# Connecting HDS Units



## slushfish (Mar 4, 2013)

I'm sure the info I'm looking for is in here somewhere but I can't find it. My question is, I have a HDS 8 at the wheel and adding a HDS7. The only diagram I can find shows to power both units. Run transom xducer to one unit, US2 cable from terrova to other unit, and Ethernet cables from LSS-1 module to both units. Can anyone tell me if this is how its commonly done? If wired like this, can you select which xducer you use on either unit, or does that just let either unit use side/down scan? Don't want to buy a bunch of extra parts I don't need. Thanks for all the help. Just trying to keep it simple. Getting ready to make a trip down next wk. Trying to get rigged up before we do.
Slushfish


----------



## Dan44149 (Apr 12, 2011)

If you want the 2 units to communicate with each other, then you'll need to network them together with the network ports. Each unit should have 4 ports on the back: power, sonar (for 2D transducer), ethernet (StructureScan module), and network (NMEA2k IIRC).

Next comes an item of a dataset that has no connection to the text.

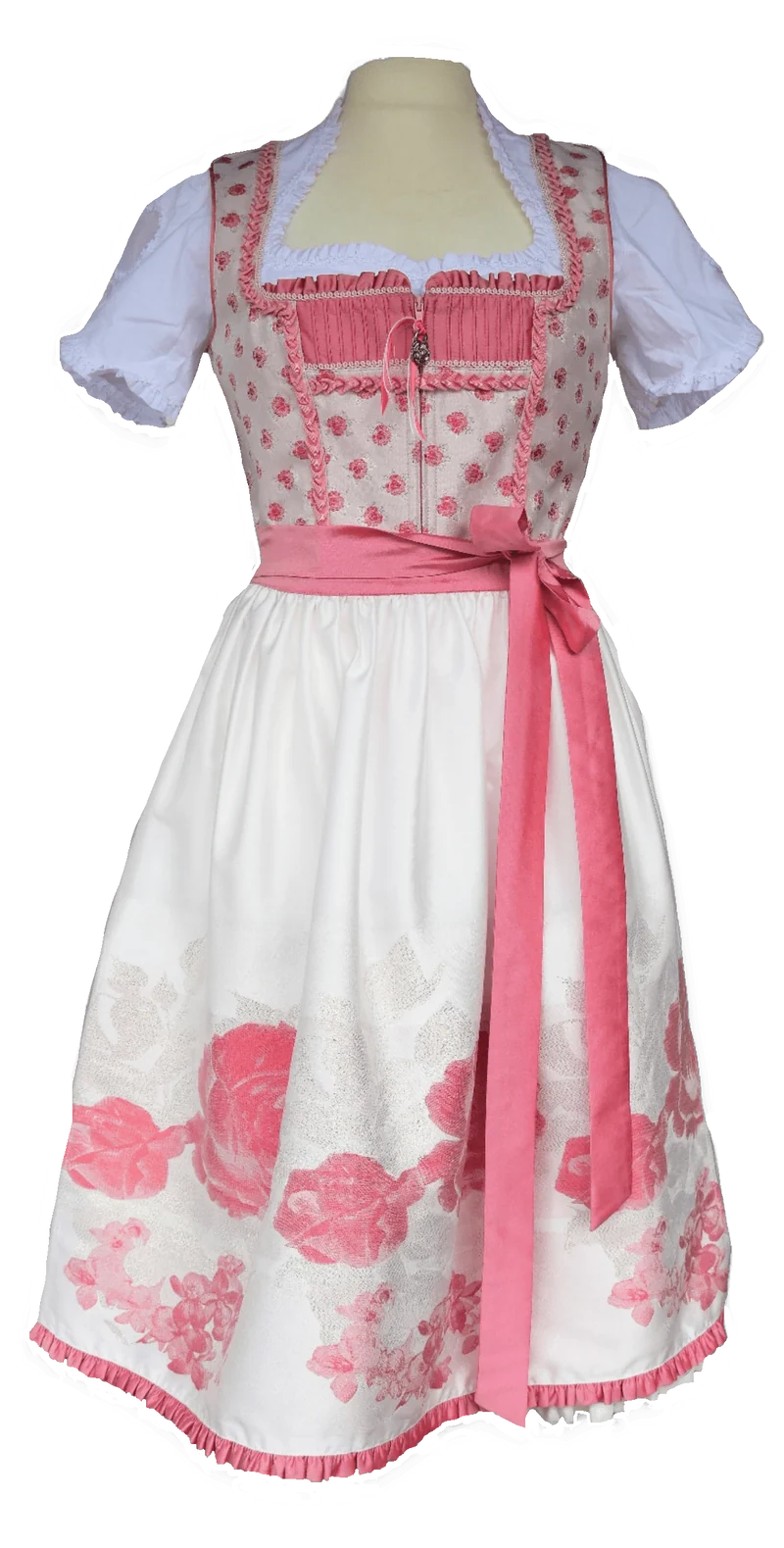Dirndl Rose, Brautdirndl, weiß, rosa, pink Midi 60 cm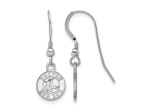 Rhodium Over Sterling Silver MLB LogoArt Boston Red Sox Dangle Earrings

Your head unit should come with the network diagram.


----------



## Byg (Jun 6, 2006)

Just curious, as i just bought a Terrova but the US2 only works for 2D sonar correct, Why would you connect to it with the HDS7


----------



## Dan44149 (Apr 12, 2011)

Byg said:


> Just curious, as i just bought a Terrova but the US2 only works for 2D sonar correct, Why would you connect to it with the HDS7


HDS units provide for 2D sonar as well as DSI/SI if connected to both an LSS1/LSS2 and a 2D transducer.


----------



## buck.eyehunter (May 27, 2007)

Yes sounds correct if you want gps waypoint sharing you will need nmea 2000 network. Ethernet only lets you shared sonar and stucture scan.
The lss-1 unit will work as expansion port so your good with enet.

posted using Outdoor Hub Campfire


----------



## slushfish (Mar 4, 2013)

What I have is, HDS7 hooked to terrova and Ethernet to LSS1. HDS8 hooked to transom xducer and Ethernet to LSS1. On the 7 I can use 2d sonar from terrova. On the 8 I can use 2d sonar from transom. Can use DS/SI on either unit and they share waypoints but, not trails.
Slushfish


----------



## Byg (Jun 6, 2006)

Thanks for explaining


----------